Sure enough, Batherson, Stützle, Mark Kastelic and Zub all recorded their first goals of the season just one game into this five-game homestand. Pinto, who scored his second goal of the season in the second period, feels this homestand could “catapult” the team to a successful season.
Party started early
Anticipating the largest Ottawa gate in nearly six years, the organization encouraged fans to arrive at the rink in time to avoid a last-minute tangle of cars in the various parking lots. That meant the party started early, with music playing and $5 beer flowing on the Gate 1 terraces more than an hour and a half prior to the 7:15 p.m. ET puck drop.
Morning tuneup
The Sens are among the NHL teams who usually hold an optional skate on game day, but Smith opted to make it mandatory on Tuesday -- just to have his group, and especially the younger players, skate away some of the nervous energy surrounding the home opener.
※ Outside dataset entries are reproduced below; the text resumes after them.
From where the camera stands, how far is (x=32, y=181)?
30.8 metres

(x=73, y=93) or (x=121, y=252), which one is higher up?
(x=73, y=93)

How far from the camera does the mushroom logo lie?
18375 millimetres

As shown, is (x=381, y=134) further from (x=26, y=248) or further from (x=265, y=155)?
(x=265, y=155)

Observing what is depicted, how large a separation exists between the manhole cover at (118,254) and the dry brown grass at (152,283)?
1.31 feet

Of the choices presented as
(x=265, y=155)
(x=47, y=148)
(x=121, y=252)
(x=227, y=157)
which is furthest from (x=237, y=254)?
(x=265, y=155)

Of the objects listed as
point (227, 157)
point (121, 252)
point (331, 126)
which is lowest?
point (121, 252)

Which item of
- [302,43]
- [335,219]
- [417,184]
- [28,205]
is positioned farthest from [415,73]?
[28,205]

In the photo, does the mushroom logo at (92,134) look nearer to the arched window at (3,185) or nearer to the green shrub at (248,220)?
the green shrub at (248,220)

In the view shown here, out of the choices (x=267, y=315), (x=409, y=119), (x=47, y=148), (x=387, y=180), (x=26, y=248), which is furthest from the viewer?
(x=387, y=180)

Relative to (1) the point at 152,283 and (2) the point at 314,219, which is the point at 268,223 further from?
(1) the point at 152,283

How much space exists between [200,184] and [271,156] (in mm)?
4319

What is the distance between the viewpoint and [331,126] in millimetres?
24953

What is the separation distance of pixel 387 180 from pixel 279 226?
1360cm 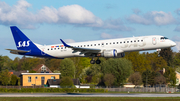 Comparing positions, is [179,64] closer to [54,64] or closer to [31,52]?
[54,64]

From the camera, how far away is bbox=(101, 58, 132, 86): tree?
12188 centimetres

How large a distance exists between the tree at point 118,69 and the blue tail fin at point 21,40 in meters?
63.7

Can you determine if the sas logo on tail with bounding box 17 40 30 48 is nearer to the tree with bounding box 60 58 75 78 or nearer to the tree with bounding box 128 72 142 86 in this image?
the tree with bounding box 128 72 142 86

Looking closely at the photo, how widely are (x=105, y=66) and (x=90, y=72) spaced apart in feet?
55.5

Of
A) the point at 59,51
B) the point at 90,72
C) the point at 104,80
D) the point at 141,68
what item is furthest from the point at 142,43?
the point at 141,68

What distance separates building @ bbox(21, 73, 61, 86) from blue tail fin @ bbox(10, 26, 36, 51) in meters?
48.5

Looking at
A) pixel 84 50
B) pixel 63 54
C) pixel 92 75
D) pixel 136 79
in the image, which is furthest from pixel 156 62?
pixel 84 50

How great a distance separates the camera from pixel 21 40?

“Sometimes sitting around all day thinking about it might not be the right answer,” Smith said. “So, a quick 12-minute skate isn’t going to make or break anything, but guys just go out there and turn the brain off.”
‘Still tickets to sell’
Senators president Anthony LeBlanc says that ticket sales are up 70 per cent from where they were in the fall of 2019, but admits the team is still working its way back to former levels.
“This is a great starting point,” LeBlanc told reporters on the morning of the home opener. “But we have a long way to go.”
According to LeBlanc, the organization has set a goal of 10 sellouts this season, but adds “we have tickets to sell."
“We can’t sell wins and losses,” he said. “We have to sell the excitement of coming to the rink.”
There will be a number of event nights this season. On Thursday, when the Washington Capitals visit, there will be a tribute to late Senators owner Eugene Melnyk.